Closed LinBornRain closed 6 years ago
hi @LinBornRain ,
I'm not sure if I get your point. For the sake of convenience, I set the default of the stochastic
in traj_episode
to be False to for evaluating deterministic policy.
Putting this flag into the argument of evaluate is a good idea.
I will first close the issue and welcome to reopen it again.
Hi, andrewliao11: When I try to recover the results in your codes, I notice that GAIL-trpo is trained with stochastic policy in 'traj_segment' but the stochastic policy is evaluated in a deterministic mode as default set as u said. Also, I have tried: 1.using deterministic policy in training GAIL-trpo, and the learning dose not work anymore.
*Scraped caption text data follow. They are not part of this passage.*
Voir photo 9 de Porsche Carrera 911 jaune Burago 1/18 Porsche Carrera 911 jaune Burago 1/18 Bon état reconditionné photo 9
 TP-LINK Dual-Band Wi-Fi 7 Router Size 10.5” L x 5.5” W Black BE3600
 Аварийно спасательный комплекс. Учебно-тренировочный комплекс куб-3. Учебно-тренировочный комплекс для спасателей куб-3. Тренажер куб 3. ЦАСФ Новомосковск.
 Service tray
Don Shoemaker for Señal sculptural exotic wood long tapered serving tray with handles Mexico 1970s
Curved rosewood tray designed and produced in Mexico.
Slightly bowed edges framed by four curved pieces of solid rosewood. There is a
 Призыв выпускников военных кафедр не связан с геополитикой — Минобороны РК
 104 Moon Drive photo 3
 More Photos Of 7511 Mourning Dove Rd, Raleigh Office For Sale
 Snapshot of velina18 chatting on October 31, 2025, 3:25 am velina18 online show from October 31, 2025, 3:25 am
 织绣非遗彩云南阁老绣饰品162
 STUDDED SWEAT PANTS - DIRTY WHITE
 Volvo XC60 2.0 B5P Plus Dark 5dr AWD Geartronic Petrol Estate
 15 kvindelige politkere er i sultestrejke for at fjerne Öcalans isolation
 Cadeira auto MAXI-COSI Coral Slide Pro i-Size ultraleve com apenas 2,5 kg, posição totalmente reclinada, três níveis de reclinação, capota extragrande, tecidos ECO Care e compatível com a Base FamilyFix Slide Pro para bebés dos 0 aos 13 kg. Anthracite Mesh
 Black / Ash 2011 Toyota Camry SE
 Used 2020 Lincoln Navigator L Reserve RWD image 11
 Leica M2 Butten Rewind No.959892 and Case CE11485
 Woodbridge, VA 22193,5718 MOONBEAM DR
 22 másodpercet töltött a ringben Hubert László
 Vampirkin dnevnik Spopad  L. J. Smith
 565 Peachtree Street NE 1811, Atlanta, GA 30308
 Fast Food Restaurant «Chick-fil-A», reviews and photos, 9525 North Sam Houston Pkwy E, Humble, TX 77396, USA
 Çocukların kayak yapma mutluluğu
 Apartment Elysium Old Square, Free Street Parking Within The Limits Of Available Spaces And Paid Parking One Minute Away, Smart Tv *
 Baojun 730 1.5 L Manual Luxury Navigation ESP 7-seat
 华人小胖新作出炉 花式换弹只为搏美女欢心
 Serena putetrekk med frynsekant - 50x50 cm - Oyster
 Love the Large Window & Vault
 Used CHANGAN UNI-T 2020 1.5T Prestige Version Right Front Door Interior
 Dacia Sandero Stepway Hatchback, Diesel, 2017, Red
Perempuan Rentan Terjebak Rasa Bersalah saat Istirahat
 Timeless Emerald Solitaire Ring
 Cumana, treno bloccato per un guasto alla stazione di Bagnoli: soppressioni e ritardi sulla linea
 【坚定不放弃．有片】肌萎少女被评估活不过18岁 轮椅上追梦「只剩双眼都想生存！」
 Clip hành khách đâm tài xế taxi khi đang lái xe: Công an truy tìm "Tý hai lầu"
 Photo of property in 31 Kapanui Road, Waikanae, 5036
using stochastic mode during training is for exploration, while using deterministic policy to evaluate is for exploiting. check the literature of exploration versus exploitation
That makes sense to me! THX a lot!
Hi, andrewliao11!: Its me again... In 'trpo_mpi.learn()', the codes defines 'stochastic' as 'True' in 'traj_segement'; But, in In 'trpo_mpi.evaluate()', the codes defines 'stochastic' as default 'False' in 'traj_episode'. Should it be difference in 'evaluate', when it seems output total different trajectory performance if learning with stochastic policy and evaluate with deterministic policy. THX!